Tuesday, 19 August 2014: 4:15 PM
Kon Tiki Ballroom (Catamaran Resort Hotel)
The Great Lakes directly impact weather and climate conditions over more than 1.0 million km2 in northern and central US and southern Ontario, Canada. Perhaps the greatest impacts are during the cool season, when the relatively-warm Great Lakes can generate storms with extreme snowfall rates (sometimes greater than 10 cm hr-1), strong winds, low visibilities, and cold temperatures. Lake-effect storms represent the results of development of surface-based convective boundary layers over each of the lakes and interactions between them. Many of the larger field efforts in recent decades focused on lake-effect snow storms over single lakes, such as those driven by the Great Salt Lake or Lake Michigan. However, interacting lake-induced convective boundary layers from multiple lakes, such as those occurring in northern regions of Canada or the eastern Great Lakes, offer particular challenges for forecasters and opportunities for improving scientific understanding.
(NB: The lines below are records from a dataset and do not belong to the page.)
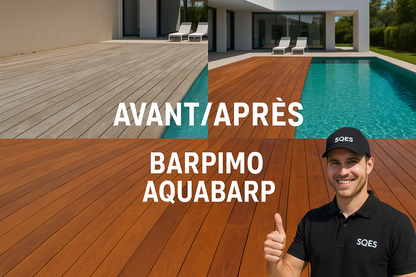 Story avant/après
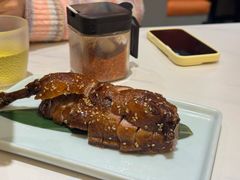 -全牛匠·乐山跷脚牛肉(西北旺万象汇店)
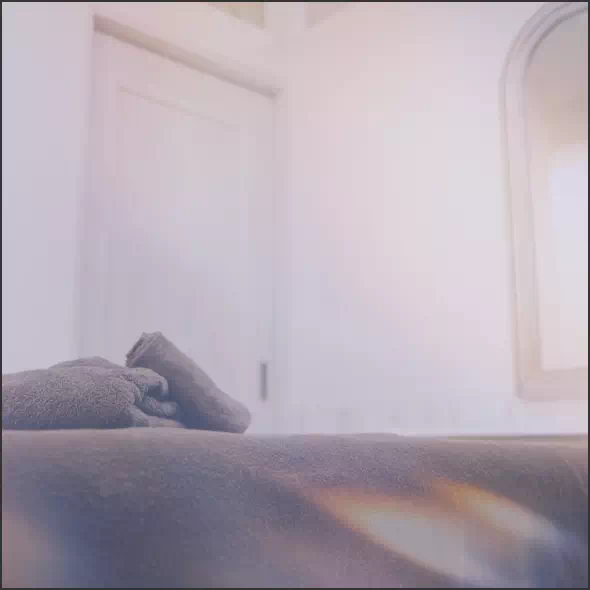 アンリミットについて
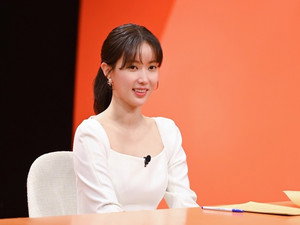 미운 우리 새끼 1. évad Ep.326 326. epizód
This presentation will provide a boundary layer perspective on the improvement in understanding of lake-effect snow storms, and how lake-induced convective boundary layers in the eastern Great Lakes are likely to be more complicated than those to the west. It is hypothesized that upwind lakes can influence lake-effect storm evolution through both direct thermodynamic processes (e.g., residual layers of near-neutral stability, Mesoscale circulation patterns from upwind lakes) and indirect processes (e.g., seeding of lake-effect clouds by snow from higher-level cloud decks, etc.). Emphasis will be placed on the recently-completed 2013-2014 Ontario Winter Lake-effect Systems (OWLeS) field project, carried out in the vicinity of Lake Ontario and regions east of Lake Erie. The field phase of the OWLeS project was accomplished through the collaborative efforts of about 109 students and scientists from 16 universities, scientific organizations and NOAA National Weather Service Offices. OWLeS was primarily supported by the Mesoscale Dynamic Meteorology program of the National Science Foundation.